October 16, 2016 | Permalink | Comments (0)

Friday, October 7, 2016

What Would an Efficient Market for Law Schools Look Like?

Efficient [by Rick Bales] As the U.S.’s 200-odd ABA-accredited law schools endure a sixth year of admissions and enrollment pain, their response to the market downturn has not been what one would expect in an efficient market. In an efficient market, one would expect to see some combination of the following from oversupply, weak demand, and a plethora of suppliers:

  • Innovation and Differentiation. Considerable market differentiation should result as schools try to find a niche in which they can command a premium price, because chasing a declining demand is, in the long term, a losing proposition. However, except for some tinkering at the LL.M. and Master’s-level margins, law schools still look remarkably the same.
  • Budget Cuts. Most affected law schools have cut their budgets, but not necessarily in ways that efficient markets would predict. Companies experiencing a sustained downturn in demand tend to make the first cuts to high-cost areas that are unlikely to affect future survival. In higher education, personnel costs are the biggest expense, but instead of focusing on efficiency or cutting across the board, most law schools have cut staff first, then non-tenure-track faculty, then tenure-track-but-not-yet-tenured faculty. Staff cuts (especially to admissions, placement, and academic support) and the elimination of junior faculty through hiring freezes and layoffs may have been politically palatable, but amount to eating the seed corn.
  • Closures and Consolidation. An industry with 200+ market participants experiencing a 50% sustained decline in demand should expect some – probably many – of the weakest firms to close, but that hasn’t happened with law schools. Likewise, one would expect industry consolidation, as the strongest schools jostle for market share and the middling schools seek efficiency through growth. Again, that hasn’t happened.
  • Realignment of Supply with Demand. In a world where Blackberry has gone from market leader to obsolescence in a few years, six years is more than enough time for law schools to have adjusted to the new normal. Instead, many if not most schools are still operating at half capacity and a significant financial loss, and are nominally charging (but also discounting) twice the tuition that the market is willing to pay.

What gives?

  • ABA accreditation requirements and faculty tenure impede internal restructuring. ABA accreditation requirements and the importance of reputation in a conservative industry make law schools loath to be the first mover on any sort of innovation outside the norm, such as online education. At many schools, tenured faculty cannot be laid off for economic reasons without declaring a university-wide fiscal emergency; making such a declaration would be a self-fulfilling prophecy. Firing underperforming faculty is culturally taboo and internally painful. 
  • Financial insulation from market discipline. Existing student loan programs help ensure that there is always some prospective student – even if an unqualified one – available to fill a law school seat. Endowments and university subsidies allow financially bleeding schools to stay on life support much longer than they would if they had to be consistently self-supporting.
  • University leadership is overcautious and rewarded for programmatic growth rather than sound business decisions. A faculty member once remarked to me that he belonged to the only institution in the world more resistant to change than North Korea – American higher education. University leadership is exceptionally risk-averse. Unlike the private sector, no university leader every got fired for being too cautious, and it is exceptionally rare for a university to close for being too slow to adapt to market changes. Moreover, university presidents are reputationally rewarded for growth (in enrollment, programs, budget), not for strategic realignment. Most presidents are accustomed to having some programs subsidize others, and would consider it a huge black eye for a law school to close on their watch. Finally, the prestige of having a law school may prevent some closures, but presumably at some point the price tag becomes too high.
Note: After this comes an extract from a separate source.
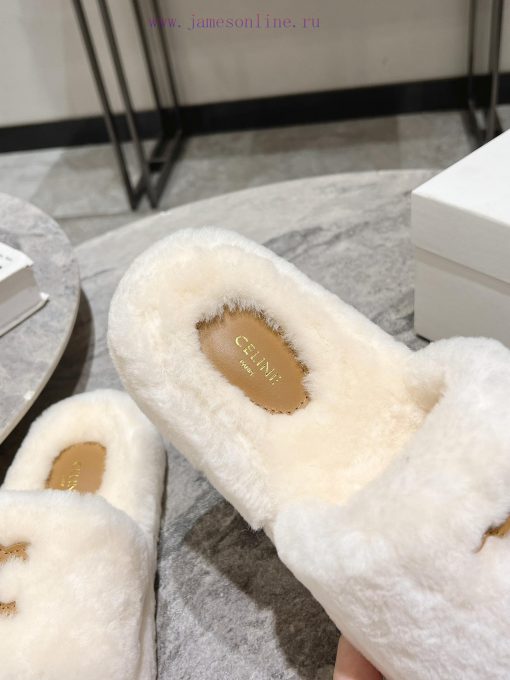 CELINE/Celine 𝟐𝟎 24/𝐒𝐒𝐧𝐞𝐰 Spring/Summer New Wool SlippersThis season's Celine made me love i5109ysrc - Image 8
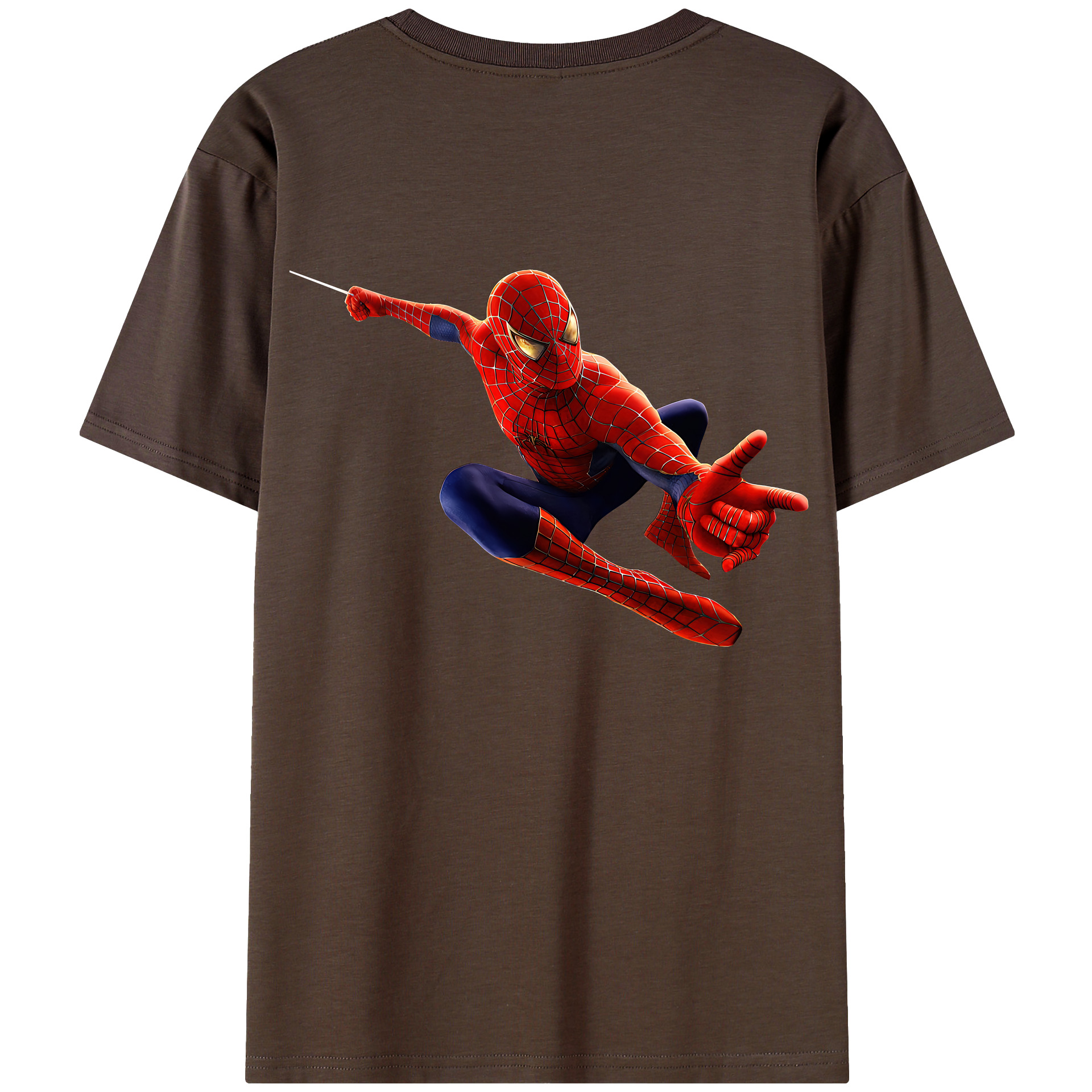 （画像用） Spider Man スパイダーマン 綿100％半袖Tシャツ（背面プリント）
So what is the take-away? In part, this helps explain why law schools have not closed/merged/differentiated as one might expect given the sustained down-market for legal education. More importantly, it indicates that there are significant rewards yet to be distributed to the market players who recognize and are able to capitalize on existing market inefficiencies.

rb

October 7, 2016 | Permalink | Comments (1)
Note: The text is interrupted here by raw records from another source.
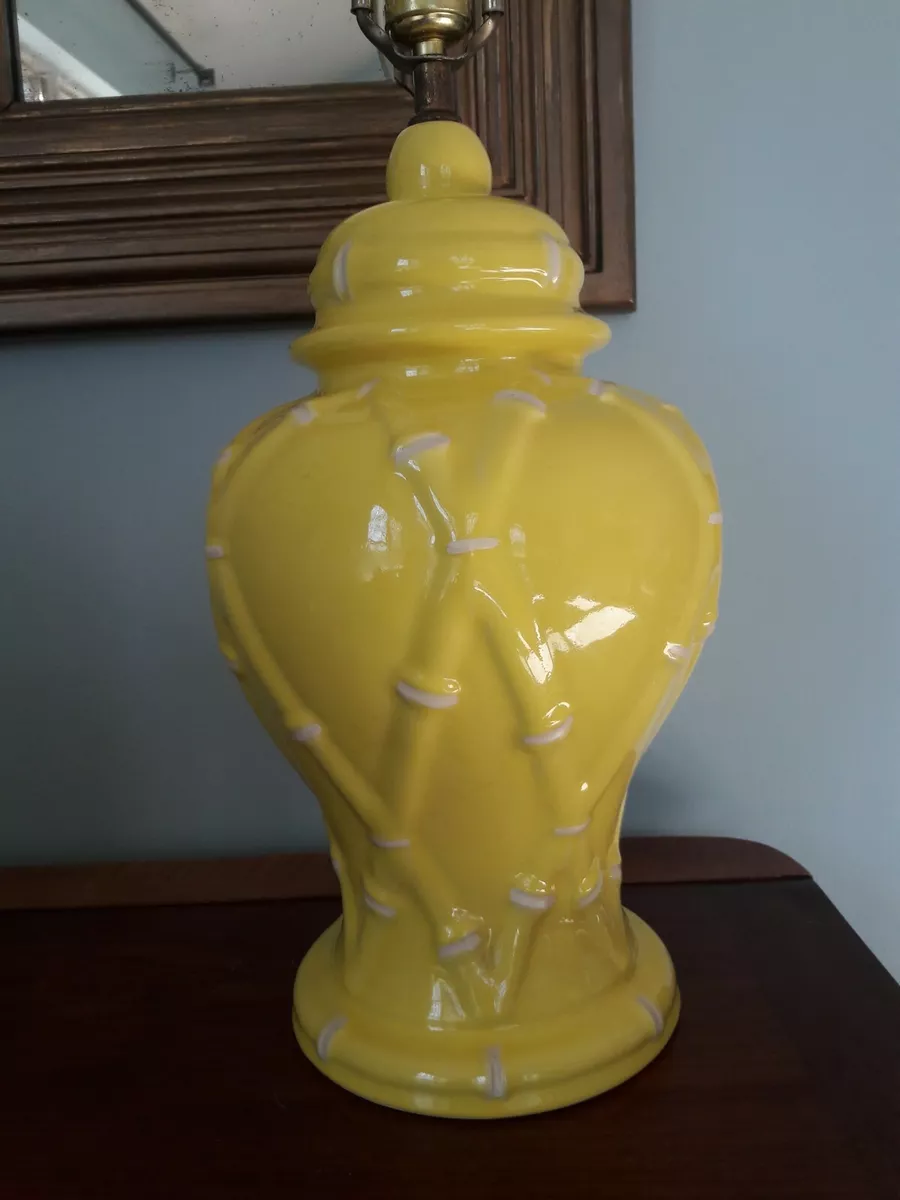 Mid Century Modern Vtg Ceramic Yellow Ginger Jar Faux Bamboo Table Lamp Regency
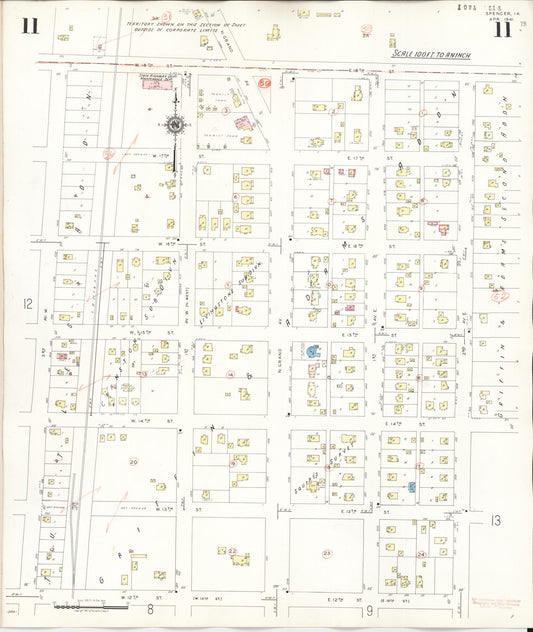 Sanborn Fire Insurance Map from Spencer, Clay County, Iowa (1946), Sheet #0011 - Historic Sanborn Fire Insurance Map Print, vintage old map wall art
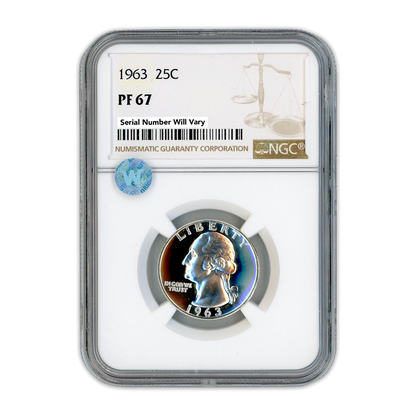 1963 Washington Silver Quarter Philadelphia - NGC PF67 Sight White
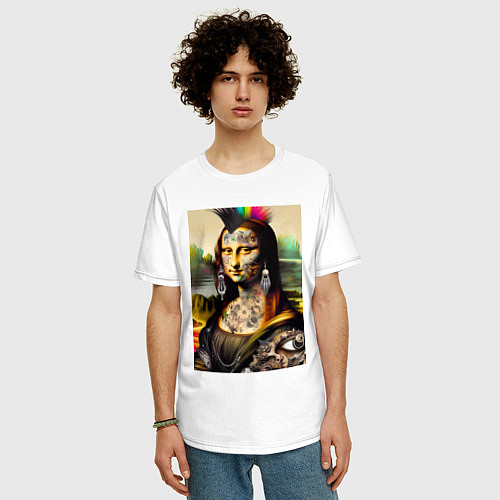 Мужская футболка оверсайз Punk Mona Lisa is covered in tattoos / Белый – фото 3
Friday, September 30, 2016

Faculty Bloodletting

Blood[by Rick Bales] I've heard from faculty members at two law schools just this week who report (not for attribution) that their law schools either are laying off a substantial number of faculty (the faculty member's word was "bloodletting") or that buy-out offers have been made to all faculty. These are respectable schools, and the downsizings I am referring to have not yet been reported in the blogosphere as best I know. That probably means there are many more occurring than we know about.

I've also had occasion to browse recently the faculty bio pages of several law schools. Given the paucity of hiring over the last several years, it comes as no surprise that many schools are top-heavy, but the extent of this at some schools is astounding. It appears that at some schools, there is almost no one on the tenure-track faculty within a full generation of the average age of the students we are trying to attract.

Given the dramatic downturn in admissions, faculty downsizing is not unexpected and at many schools inevitable. But equally unsurprisingly, the pain has not been evenly distributed. Staff were cut first, then non-tenure-track faculty, then tenure-track but not-yet-tenured faculty....

We seem to be in the process of losing a full generation of faculty. This does not bode well for the future of law teaching, legal scholarship, or law school leadership. I think we would be wise to begin planning for this generation gap now.

rb

September 30, 2016 | Permalink | Comments (2)

Tuesday, June 21, 2016

[Not] Supporting Arizona

No support[by Rick Bales]

As the headline in the post immediately below points out, 3/4 of U.S. law deans supported University of Arizona Law's bid to use the GRE as an alternative to the LSAT. That does not imply support for the school's advert containing misleading employment statistics.

rb

June 21, 2016 | Permalink | Comments (0)

Thursday, May 5, 2016

3/4 of Law Deans Sign Letter to LSAC Supporting U of Arizona

National Law Journal story here.  It is not very common for that many deans to agree on pretty much anything.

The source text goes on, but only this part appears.